Through this framework, lsyncd provides:
-
Near-real-time file monitoring: As stated earlier, Lsyncd uses inotify to monitor file changes in a local directory and compare those changes to a target directory. The level of “real-time” can be configured such that changes are detected at given intervals (every minute or 5 minutes or whatever value you set in the conf file); lsyncd detects changes as they happen. If set to a low value, this allows for near-instantaneous file synchronization. Yet, network latency, file size, number of files, and other factors play a role in the level of “real-time”.
-
Incremental file transfers: Lsyncd can call rsync to transfer files incrementally, where only the delta or change portion of the file is transferred.

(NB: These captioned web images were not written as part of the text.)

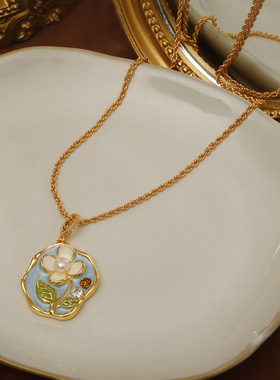 小众设计复古轻奢高级感锁骨链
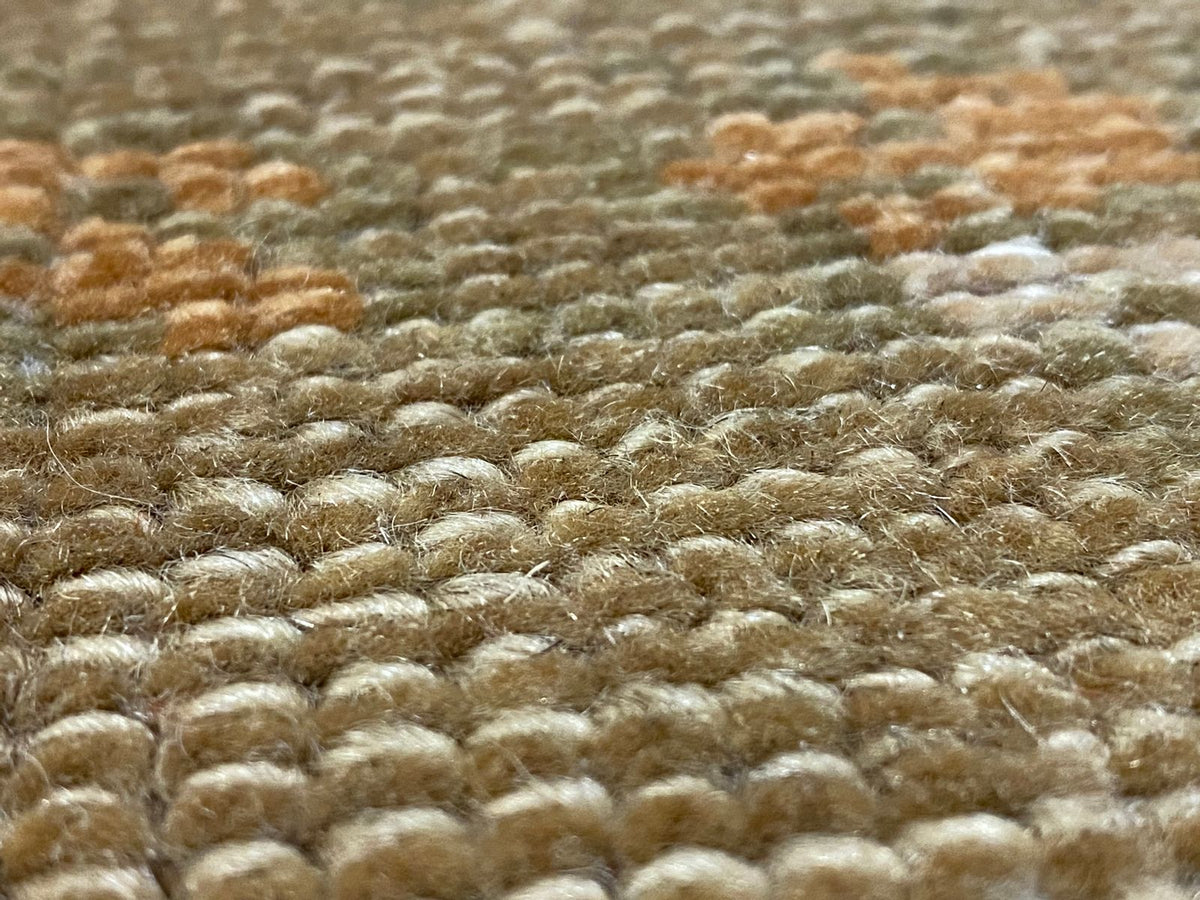 Vintage Handmade 9x12 Beige and Red Anatolian Turkish Oushak Distressed Area Rug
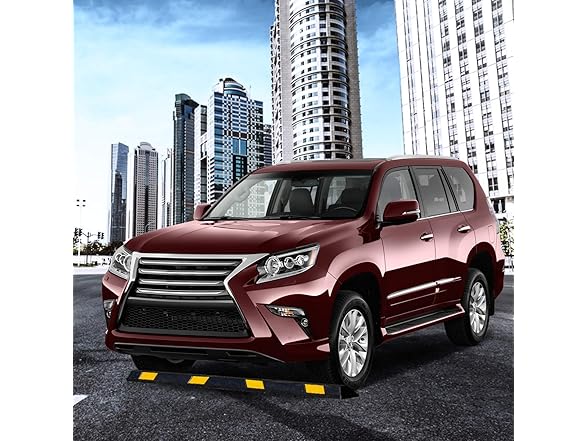 Zone Tech TS0008 Heavy Duty Rubber Parking Curb – 72” Blac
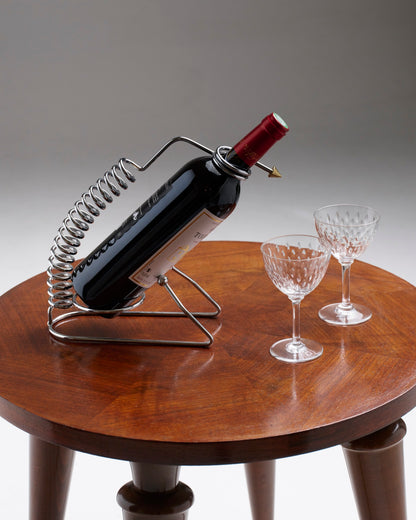 PORTE-BOUTEILLE EN MÉTAL CHROMÉ, 1970s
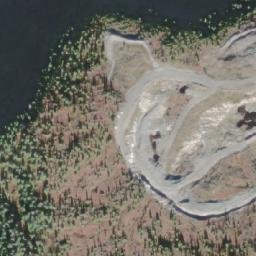 Satellite imagery of Widdzech Mountain, CA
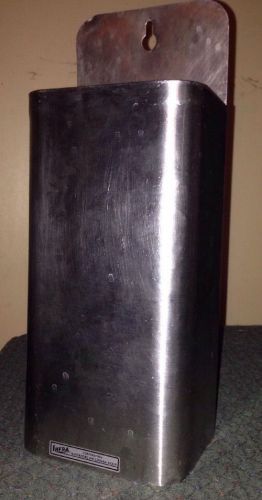 Infra stainless steel commercial bar bottle cap catcher.  bin isb10 1/2&#034; tall for sale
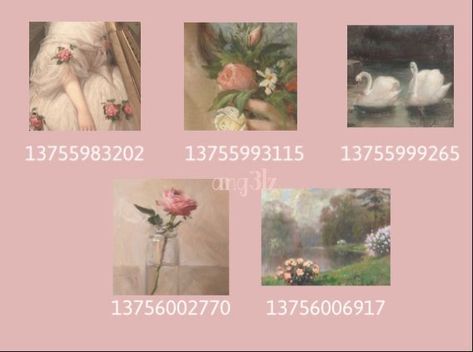 Cute Id Codes For Bloxburg, Fancy Bloxburg Picture Codes, Cute Painting Codes For Bloxburg, Aesthetic Painting Decals Bloxburg, Roblox Picture Id Codes Vintage, Roblox Image Id Codes Royal High, Bloxburg Picture Codes Painting, Cute Image Ids For Bloxburg, Roblox Photo Id Codes Aesthetic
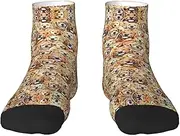 [pvinnk] Labrador Retriever Dogs Print Functionality Socksing Adult Socks For Workout Winter Warmth And Everyday Wear
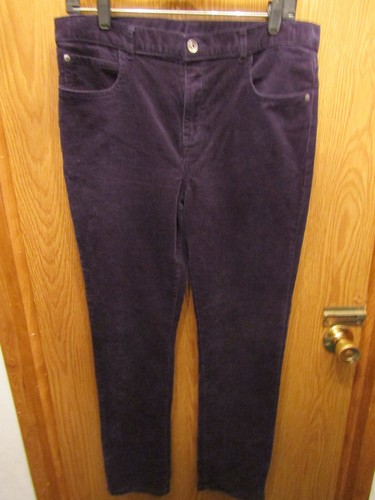 YOUTH GIRLS PLACE NAVY BLUE 2% SPANDEX CORDUROY PANTS SIZE16H INSEAM 29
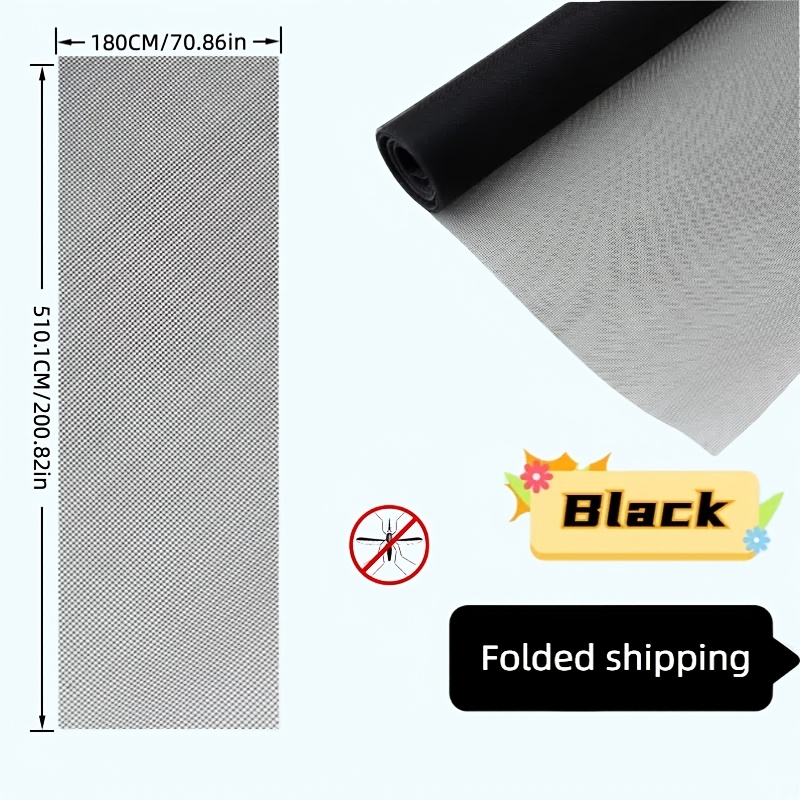 Durable Diy Home Insect-proof Screen Mesh For Windows, Doors, Gardens, And Patios | Pet-barrier Mesh To Prevent Animal Access Through .window Screen Mesh.
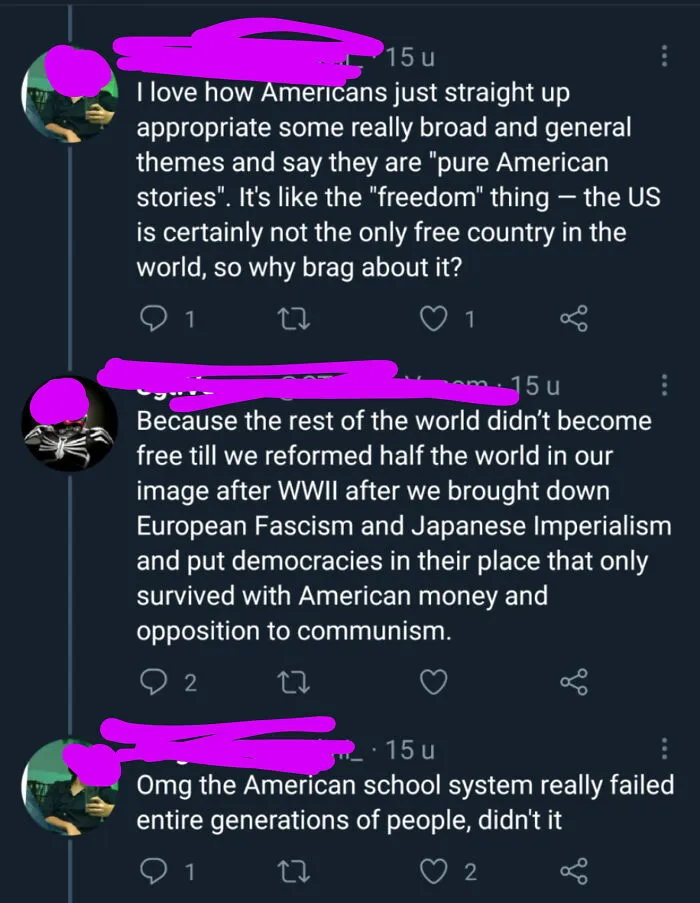 Rest Of The World Didn't Become Free Till We Reformed Half The World In Our Image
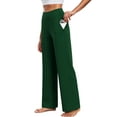 thumbnail image 2 of NELEUS Womens 29" Wide Leg Pants Athletic Yoga Leggings Casual Sweatpants Stretch Dress with Pockets,Dark Green,US Size S, 2 of 11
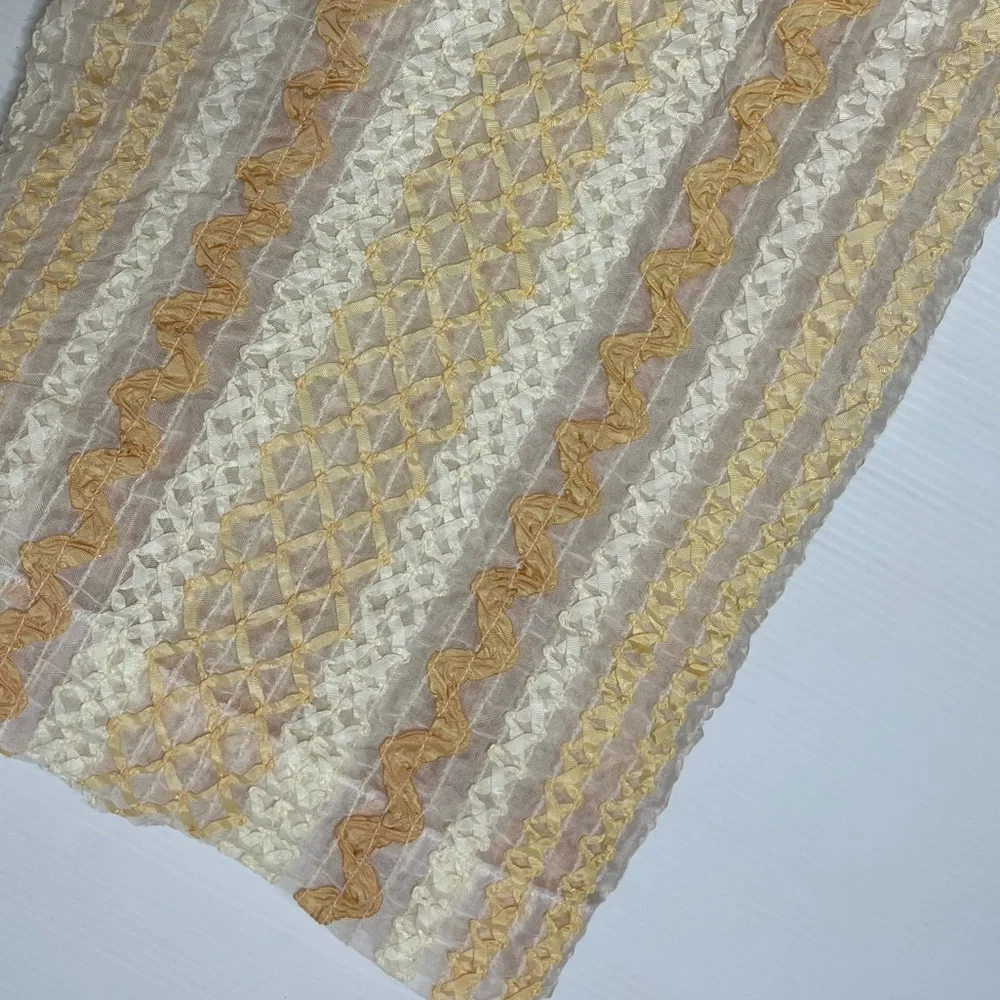 Vintage Curtain 2 Pc Set Antique Boho Retro 60’s 70’s 80’s Farmhouse Cottage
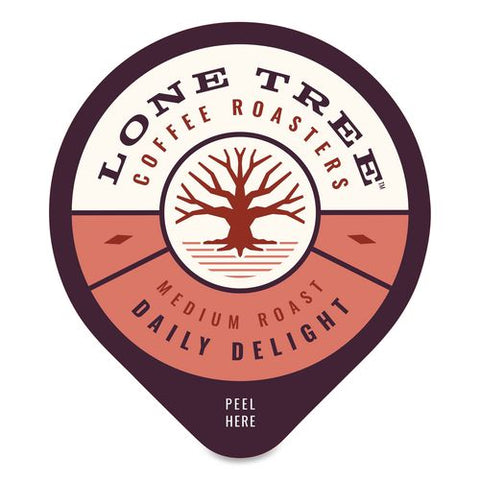 Lone Tree Daily Delight Coffee Pods, 1.35 Oz, 12/box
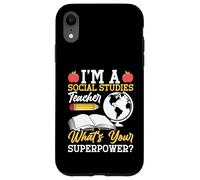 Social Studies Teacher Team Superpower Social Studies Case for iPhone XR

This means that file and directory changes can be sent efficiently between 2 systems, instead of having to send the entire file. That said, there may be problems sending incremental deltas of larger files.
-
Include/exclude: Like regex, Lsyncd allows for the use of filters to exclude files or directories from sync jobs. Most contemporary sync solutions support this, but this is useful in environments where a subset of files within a directory tree need to be included or excluded from the transfer or synchronization job.
-
Hub-and-trickle distribution: In a hub-and-spoke topology, Lsyncd can be configured to synchronize files to multiple locations sequentially, making it useful for creating backups or keeping multiple servers in sync. But there are caveats with hub-and-spoke. Each spoke pairs with the hub; thus, changes are only propagated between the hub and the one spoke. This is by no means real-time nor scalable, but may suffice for basic file backup use cases.
-
Scripting: Lsyncd is written in Lua, a lightweight, high-level scripting language that is commonly used for complex scripting and embedding in other applications. This allows for custom scripts and actions to be executed before and after synchronizing files. When multiple, interdependent programs need to be run, Lua provides an efficient framework for that.
-
Multiple operation modes: Depending on your use case, Lsyncd can operate in different modes like mirroring, propagating (basic file copy), or one-way sync. It can also use different methods of offloading the synchronization process like rsync or rsync-over-ssh.
-
Logging: In
/var/log/lsyncd/lsyncd.log
and/var/log/lsyncd/lsyncd.status
Lsyncd provides logging functionality and can output the logs to a file, syslog or both. It also provides debugging options that can be used to troubleshoot any errors that may occur.
Install lsyncd #
# Ubuntu/Debian
apt -y install lsyncd
# or CentOS
yum -y install lsyncd
create logs paths #
mkdir /var/log/lsyncd
touch /var/log/lsyncd/lsyncd.{log,status}
Settings directive #
Example: #
settings {
logfile = "/var/log/lsyncd/lsyncd.log",
statusFile = "/var/log/lsyncd/lsyncd.status",
statusInterval = 30
}
- logfile the following code will instruct lsyncd to log into /var/log/lsyncd/lsyncd.log
- statusFile periodically update the file /var/log/lsyncd/lsyncd.status with its status
- statusInterval write the status file at shortest after 30 seconds has passed (default: 10)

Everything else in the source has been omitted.